Florida's Global Warming Future
By the end of this century, Earth would be at least 4 degrees F (2.3 degrees C) warmer than now, or about as hot as it was nearly 130,000 years ago.
Back then, significant portions of the Greenland and Antarctic ice sheets melted, pushing the global sea levels to about 20 feet higher than current levels.
A similarly dramatic, and in some cases catastrophic, rise in ocean levels could happen by the year 2500, Overpeck said in a telephone interview, but he noted it could come sooner.
"We know when the sea level was that high in the past, and we know how much warming is necessary to get that amount of sea level rise from both Greenland and Antarctica," Overpeck said.
The Earth will get that hot sometime early in the second half of this century, he said, and once it does, the big ice sheets will start melting "in a more dramatic manner" than they currently are.
A conservative estimate would call for sea level rises of 3 feet (1 meter) per century, he said.
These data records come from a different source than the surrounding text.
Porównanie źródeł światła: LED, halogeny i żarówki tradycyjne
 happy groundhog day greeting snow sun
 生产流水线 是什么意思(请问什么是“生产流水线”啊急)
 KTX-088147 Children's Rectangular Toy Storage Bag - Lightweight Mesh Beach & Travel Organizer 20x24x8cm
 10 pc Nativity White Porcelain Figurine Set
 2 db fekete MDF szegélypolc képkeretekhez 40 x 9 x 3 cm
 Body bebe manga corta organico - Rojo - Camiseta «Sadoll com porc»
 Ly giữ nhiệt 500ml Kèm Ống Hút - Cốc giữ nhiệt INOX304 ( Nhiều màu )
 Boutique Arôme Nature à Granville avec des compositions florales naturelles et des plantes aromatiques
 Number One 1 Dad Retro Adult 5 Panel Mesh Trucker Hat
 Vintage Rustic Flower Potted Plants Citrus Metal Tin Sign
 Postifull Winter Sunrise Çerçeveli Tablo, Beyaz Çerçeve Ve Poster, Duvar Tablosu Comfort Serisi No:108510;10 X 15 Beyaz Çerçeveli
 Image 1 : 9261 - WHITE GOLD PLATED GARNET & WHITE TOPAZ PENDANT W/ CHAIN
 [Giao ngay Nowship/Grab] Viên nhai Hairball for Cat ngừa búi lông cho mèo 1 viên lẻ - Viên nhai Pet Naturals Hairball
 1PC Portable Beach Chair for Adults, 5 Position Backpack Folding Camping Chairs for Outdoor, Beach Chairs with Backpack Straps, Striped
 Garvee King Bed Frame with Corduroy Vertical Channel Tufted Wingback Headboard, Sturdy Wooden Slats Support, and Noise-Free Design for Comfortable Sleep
He cautioned, however, that this estimate assumes the Earth will get only as hot as it did 130,000 years ago when the ice sheets melted.
"If we decide to keep on the track we're on now and just keep on warming, because of greenhouse gas pollution, then we could easily cook those ice sheets more rapidly," Overpeck said.
The earlier ice melt was concentrated in the Northern Hemisphere in the summer months, and was due largely to changes in Earth's orbit, he said.
"The climate warming we're in now is global and it's year-round and it's due to human influences on the climate system," he said. "That will be more damaging to the ice sheets than the that warming we had 130,000 years ago."